My first chapter locates the beginning of this tradition in the United States' emergence from the Civil War, and in Henry Morton Stanley's world famous 1872 exploration narrative, How I Found Livingstone. Stanley was born a Welsh orphan--and in his later years, he returned to this identity as a British gentleman--but when he "found" Livingstone, he was pretending to be an American and his narrative pictures Africa by explicit analogy to the American Southwest. Stanley employs the same narratives and images he had used to describe General Hancock's war on the plains Indians, when he first made his name as a journalist. By omitting the American chapter in Stanley's career, historians have allowed the British author of Through the Dark Continent and In Darkest Africa to represent the entirety of the Anglo-American exploration tradition. In this chapter, by contrast, I recover how Stanley's most famous and influential text explored and exploited the fracture between British and American, asserting the imperial destiny of the rising American state as it symbolically rescued the ailing and elderly British.

In my second and third chapters, I show how Theodore Roosevelt invented himself, on the American frontier, and then repeated the gesture in Africa, popularizing (if not inventing) inventing the big game safari. Before his 1910 bestseller African Game Trails, the word "safari" had signified the dependence of European explorers on their Arab-African guides and interpreters, but Roosevelt introduced the word into global English by transforming the safari into a globally comprehensible practice of seeing, as well as popularizing the sense of Africa which it presumes: an "Africa" which is open and available to be seen and shot. By focusing on the tourist's power to see and comprehend, he made the visibility of skin-color the epistemological dividing line between those who actively see and shoot and those who are passively seen and shot. And by adapting the frontier persona he had created in his "Western" memoirs--Hunting Trips of a Ranchman, Ranch Life and the Hunting-Trail, and The Wilderness Hunter--he made Africa a site where Americans could still experience the pleasures of the now-closed Western frontier.
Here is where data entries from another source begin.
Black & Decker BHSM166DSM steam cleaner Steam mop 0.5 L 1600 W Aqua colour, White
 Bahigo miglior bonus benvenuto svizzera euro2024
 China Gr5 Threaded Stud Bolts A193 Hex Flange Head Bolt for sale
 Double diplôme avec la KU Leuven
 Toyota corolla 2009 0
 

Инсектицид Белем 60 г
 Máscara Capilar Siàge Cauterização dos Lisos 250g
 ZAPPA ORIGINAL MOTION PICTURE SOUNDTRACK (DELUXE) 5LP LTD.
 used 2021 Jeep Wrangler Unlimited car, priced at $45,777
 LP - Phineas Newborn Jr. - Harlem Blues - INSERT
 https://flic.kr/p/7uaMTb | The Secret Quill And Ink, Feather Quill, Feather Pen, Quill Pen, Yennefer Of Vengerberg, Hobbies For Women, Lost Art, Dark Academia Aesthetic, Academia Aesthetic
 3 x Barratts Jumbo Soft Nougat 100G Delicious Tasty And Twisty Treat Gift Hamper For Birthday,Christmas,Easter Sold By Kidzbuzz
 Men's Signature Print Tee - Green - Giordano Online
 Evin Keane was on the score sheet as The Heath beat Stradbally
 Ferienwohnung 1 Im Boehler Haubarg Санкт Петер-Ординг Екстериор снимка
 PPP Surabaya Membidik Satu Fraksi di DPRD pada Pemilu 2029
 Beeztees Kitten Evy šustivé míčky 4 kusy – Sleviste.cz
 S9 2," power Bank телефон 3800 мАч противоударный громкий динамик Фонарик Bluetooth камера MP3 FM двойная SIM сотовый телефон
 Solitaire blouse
In the 1930's, the safari tradition was divided between the campy fantasy of the Tarzan cinematic franchise--which sought to domesticate, rehabilitate, or render invisible the racialized violence of the Rooseveltian safari--and Ernest Hemingway's nostalgic "realism," which sought to mourn the impossibility of Roosevelt in the modern era. In my final chapter, I stage Tarzan against Hemingway as two sides of the same coin, the fantasy which could not find grounding in fact and the reality which had no room for romance. For both, the problem was the non-existence of what Roosevelt took to be his primary aesthetic problem: transforming racialized violence into paternalistic (and patriarchal) love.